## What this task involves
Repeat, exactly and alone, every line from the line that contains "Tote Muscheln liegen" to the end of the entries.

## Data extract
Start of Block

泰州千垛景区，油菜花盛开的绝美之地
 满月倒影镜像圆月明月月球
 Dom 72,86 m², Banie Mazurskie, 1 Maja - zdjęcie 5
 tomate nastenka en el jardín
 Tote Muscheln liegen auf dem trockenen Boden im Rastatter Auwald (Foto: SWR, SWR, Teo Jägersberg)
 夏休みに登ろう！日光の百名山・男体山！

End of Block

## Response
 Tote Muscheln liegen auf dem trockenen Boden im Rastatter Auwald (Foto: SWR, SWR, Teo Jägersberg)
 夏休みに登ろう！日光の百名山・男体山！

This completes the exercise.